Movie Review: Revelation (Starring Jeff Fahey)
What does The Bible say about Jeff Fahey? What does the so-called ‘good book’ (personally I prefer Kafka’s The Trial) expulse in terms of Faheyian culture?
Well, first there’s all that darkness in the beginning, darkness except for the shinning beacons of blue that are Fahey’s half-open crystal visual spheres. In fact the illuminating acknowledged on that first page was simply Fahey opening his eyes fully, and, such was the power of the light being radiated, the entire world became rescued from the darkness (except for night time, hush hush now, well he’s gotta rest those eyes sometime).

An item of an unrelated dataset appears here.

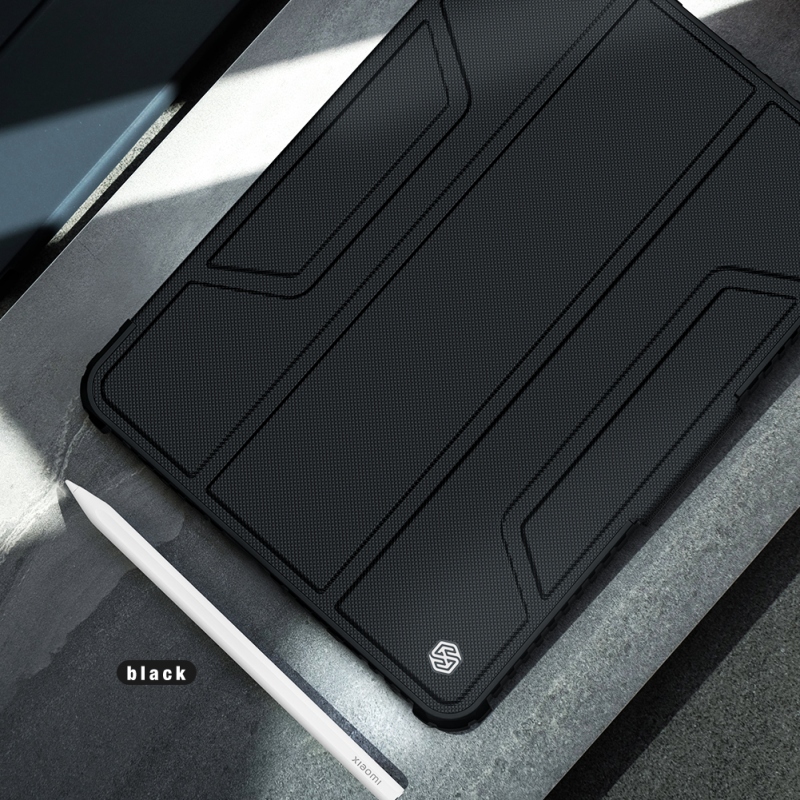Nillkin Bumper PRO védőállvány tok Xiaomi Pad 6/Pad 6 Pro fekete színhez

Later on in that multi-authored pantheon of a book, Fahey saves nature from the ravages of a pile of liquid by building a large submarine to house all the land animals, not two of each as the legend tells us, but all of them, including those crap ones that no one really cares about i.e. stoats.
As we all know, The Bible is an edited collection of hearsay and myth (excluding the Fahey sections of course), and this is only once again reinforced when we look at how Fahey was childishly snubbed from inclusion into its last portion, that being the Book of Revelation. In an attempt to rectify this travesty, Fahey, and his rich egalitarian disposition, has went and made a film by the name of Revelation (not Revelations, as we all learned from Half Man/Half Biscuit).

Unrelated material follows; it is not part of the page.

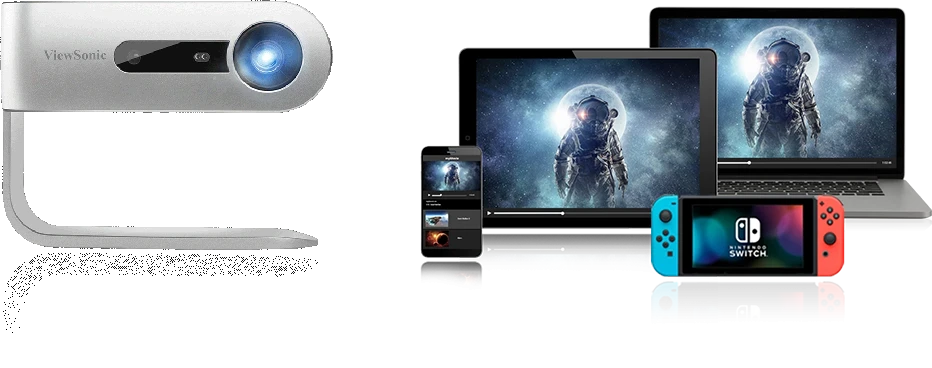 Stream Shows on Your Phone, Project Them Anywhere You Go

The film concerns a society where all nuclear weapons, plus a bunch of people, suddenly disappeared one day, and consequently a man became famous claiming to be the messiah, the disappearances acting as some sort of rapture. Most people believe this guy to indeed be what he asserts, all except for a few rogue traditional Christian types who view him as the devil, which may be true considering his henchmen and such are often shown blowing innocent civilians away. Fahey plays Thorold Stone, a cop non-believer (in either) whose wife and child disappeared in the assumed rapture. He becomes locked up in a conspiracy by the big powers to unleash a mysterious computer program onto the masses, and has to ally his forces with a group of the ‘Haters’ (those who believe your man to indeed be Lucifer).
Well that’s the story, but I know what you’re really dying to know, how bushy are Fahey’s eyebrows? I’ll tell you this, those eyebrows are a twitching wonder of modern cinema, and they're no different in this. They move around like Miles Davis running the voodoo down. It’s balletic arabesques superimposed into a forehead paradigm. Perhaps not quite at the eyebrow pinnacle of Sketch Artist 2: Hands That See, but nevertheless they still command attention and respect.

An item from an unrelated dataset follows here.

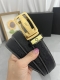 品名：万宝龙 Montblanc 自动带 材质：原单牛皮腰带 百分百头层牛皮腰带保证真皮，24K纯钢扣，专柜原单品质、做工精细，时尚大牌，送人自用首选 包装：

Fahey’s real talent lies in bringing in disparate conceptions and notions all under one unilateral banner, and fusing them to run synchronically within that single medium. Here we get the kind of thought provoking discourse on the utopian vision that resulted in A Brave New World and 1984 each being regarded as high watermarks in literature. Indeed Fahey goes beyond each. He is able to maintain the treatise nature of Huxley’s ode to joy, and also the more balanced story basis of Orwell’s terrifying disquisition. Is mindless acceptance of the establishment, but while being happy, the only way to a true utopia? Is it total freedoms in speech and act? Who should have power to decide? Is institutional hegemony a scar on humankind? Fahey answers none of these fundamental questions in such an overt manner as to make those answers obscured by his own humanistic perfection. He realises that for true understanding and handling it is no good to hand the correct answers to the masses; it is only up to him to guide and mentor us in the right direction, a direction where the only absolute is that of Fahey.
The highlight of the picture is a scene where an ignorant peon strapped to the boot of Fahey’s good side challenges Fahey’s own atheistic sensibilities. It is a powerful plot point, just witness as our man elucidates on the absurdities of faith, and how he, through that glimmer in his eyes, develops a postulation of how the concept of god is but a humanly constructed idea taken, via great historical movements and many many years, to extreme lengths of belief to become the ultimate myth all in the name of a fear and rejection of mortality.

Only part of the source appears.